My own involvement in the project has been varied, but most recently focused on getting the detectors to CERN last year, and then working with engineers at Fermilab and UC Davis to design and build the fixtures and procedures to get the forward detector installed.
A postdoc in the Davis group, Ricardo Vasquez Sierra, and I hand-carried the assembled half-disks aboard commercial aircraft from Chicago to Zurich to Geneva in four separate trips last year. These incredibly delicate devices were housed in special acrylic cases so as to facilitate security inspection. (We had made special arrangements with the TSA in Chicago…Zurich was more dificult.) The acrylic cases were in turn carried inside foam-lined hard shell cases. Needless to say, we carried each one, valued at about $500k, very carefully. People thought we were crazy – there is a certain history in our field of detectors arriving damaged when shipped – but we made it there with no problems at all. My biggest fear, I think, was some idiot tearing through the terminal and hitting one of our detectors with a luggage cart.
Meanwhile we needed to design a system to perform a sort of ship-in-a-bottle feat with the forward detectors. The detectors are deep inside the CMS tracker, the central bore of which is about seven meters long. The detector half-disks are mounted on two-meter-long carbon fiber service cylinders which also support the cables and tubes feeding power and cooling to the detector, plus some of the electronics. The two service cylinders sit vertically and slide into their final position along grooves in carbon fiber beds on the top and bottom of the bore. So as to have no uninstrumented regions in the vertical plane, at the end of travel the grooves are curved so as to make the half disks mesh. Thus, the two half cylinders need to be pushed in simultaneously with millimeter precision. Later the detectors need to be removed, at which point they will have become radioactive from exposure to the intense radiation environment in the center of the CMS detector. So the system had to be simple, easy and fast to use, so as to minimize radiation exposure to personnel.

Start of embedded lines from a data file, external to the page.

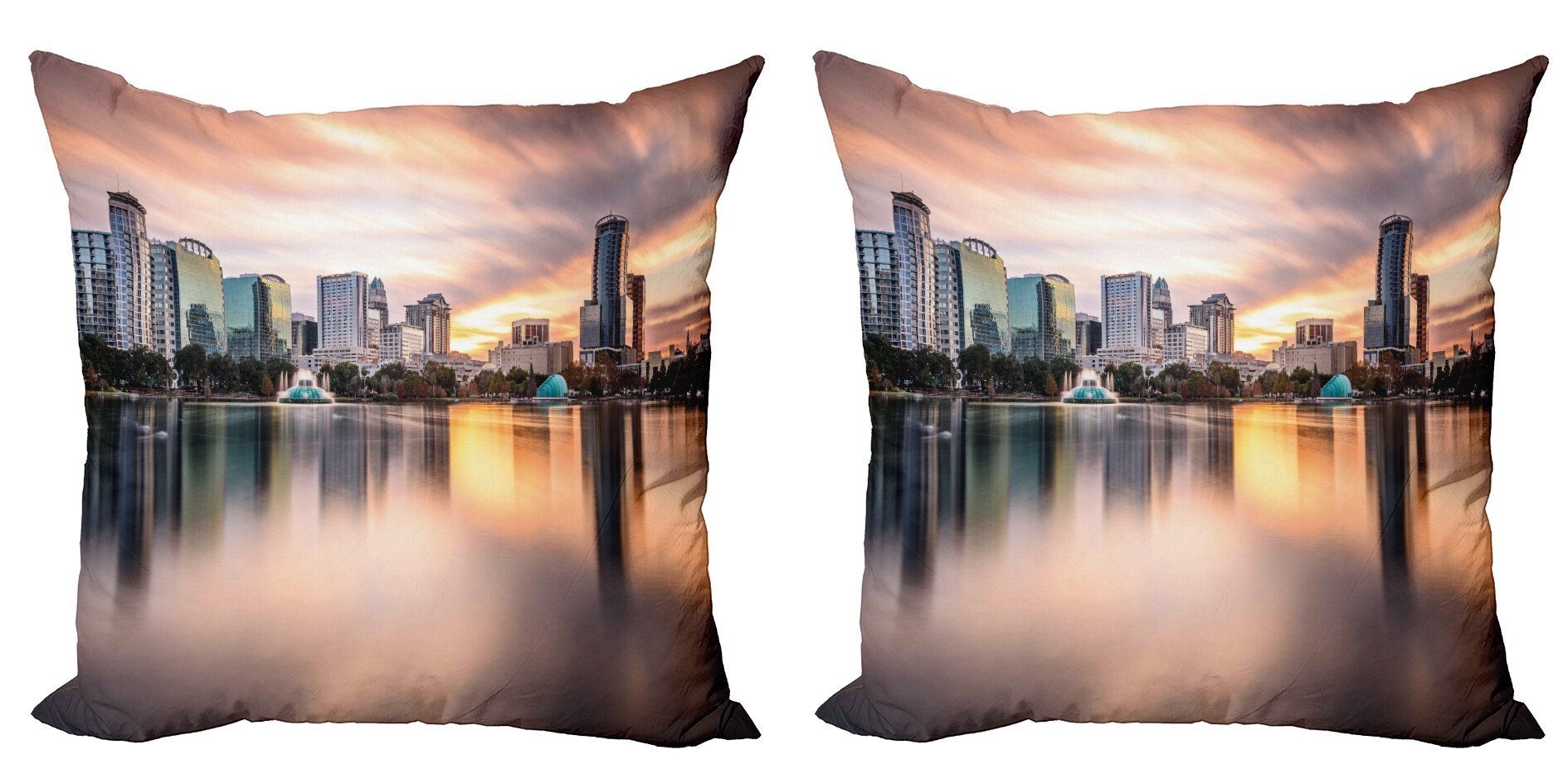 Kissenbezüge Modern Accent Doppelseitiger Digitaldruck, Abakuhaus (2 Stück), Landschaft Downtown City Skyline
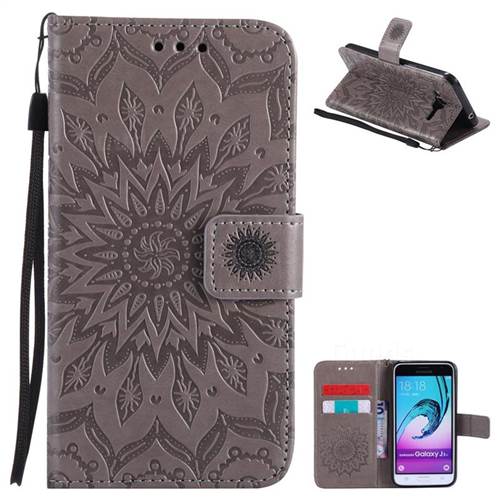 Embossing Sunflower Leather Wallet Case for Samsung Galaxy J3 2016 J320 - Gray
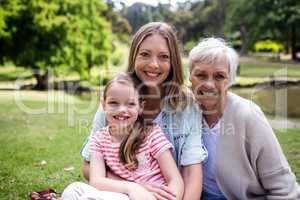 Portrait of multi-generation family sitting together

Here is a remarkable photo of one of the forward pixel half cylinders half way into position. Note the converging tracks in which the half cylinder feet ride and the vertical beam pipe support that the detector has to clear on the way into position.
I have always been mechanically minded and enjoy problems like this. It was not the most sexy part of the pixel project, but an essential piece of making the whole thing work. We did a test of the inserttion a year ago when the tracker was still in a surface building at CERN. From the lessons we learned from a that test we built the final system for installation and tested it in May, before the beam pipe installation was completed.
So, just a few hours ago the CMS pixel detector was successfully installed. I was unable to be there, due to the recent birth of my son Ian. (Gotta have your priorities straight…) My able colleagues filled in seamlessly for me. Soon, though, the LHC and the ATLAS and CMS experiments will be up and running, and this great human adventure into inner space will commence.